Alors qu'Oriane était “la seule d'un sang vraiment sans alliage, elle qui, étant née Guermantes, pouvait signer Guermantes-Guermantes”, elle était perçue par les jeunes gens récemment reçus chez elle et qui ne savaient pas “ce qui avait précédé”, comme quelqu'un “d'une moins bonne cuvée, d'une moins bonne année, une Guermantes déclassée” (Le Temps retrouvé, p. 1004).

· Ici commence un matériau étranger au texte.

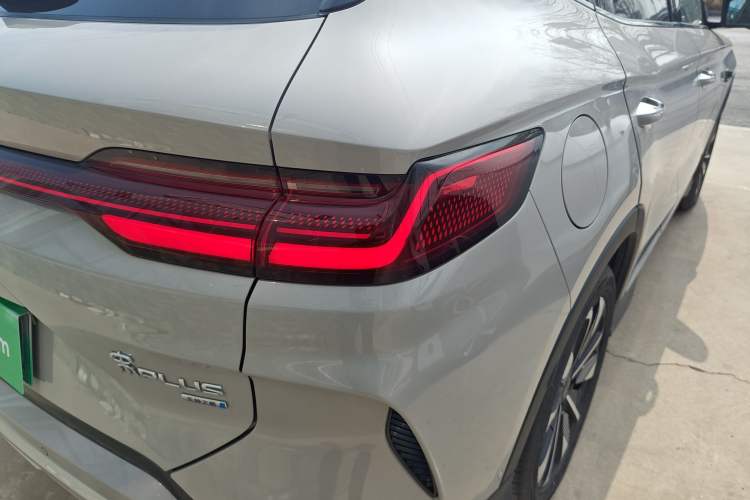 Used BYD Song PLUS New Energy 2025 EV Smart Drive Edition 605km Flagship Model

Swann, par son “horrible mariage” avec une “cocotte illettrée” (À l’ombre des jeunes filles en fleurs) se trouve également déclassé. Il recherche, pour convenir à sa femme, “le monde officiel le moins élégant, malgré ses relations avec les Princes d’Orléans (qui comme tous les souverains ont eu des intimes qu’on ne recevait pas volontiers dans le grand monde, bien des ducs d’Aumale en feraient foi)”. Cette dernière idée du manuscrit est reprise dans le livre :
“Être l’ami du comte de Paris ne signifie rien. Combien y a-t-il de ces “amis des princes” qui ne seraient pas reçus dans un salon un peu fermé ? Les princes se savent princes, ne sont pas snobs et se croient d’ailleurs tellement au-dessus de ce qui n’est pas de leur sang que grands seigneurs et bourgeois leur apparaissent, au-dessous d’eux, presque au même niveau” (À l’ombre des jeunes filles en fleurs, p. 511).
L’image du kaléidoscope et des “petits morceaux de verre” forme le pivot central de ce manuscrit, symbole des changements dans les salons. La mosaïque tournante qu’il opère apparaîtra de nombreuses fois dans l’œuvre : dès la deuxième page de Du Côté de chez Swann (“le kaléidoscope de l’obscurité”) mais principalement, à partir du deuxième volume, dans une dimension sociale. Ainsi est-il évoqué trois fois en quelques pages au début d’À l’ombre des jeunes filles en fleurs, là où prendrait naturellement place ce manuscrit : “pareille aux kaléidoscopes qui tournent de temps en temps, la société place successivement de façon différente des éléments qu’on avait cru immuables et compose une autre figure”. Ce n’est plus Swann, comme dans ce fragment, qui révèle au narrateur les mouvements de ce “kaléidoscope social” ou “mondain” mais le narrateur lui-même qui emploie cette image pour expliquer les changements de la société à l’égard des Juifs lors de l’Affaire Dreyfus.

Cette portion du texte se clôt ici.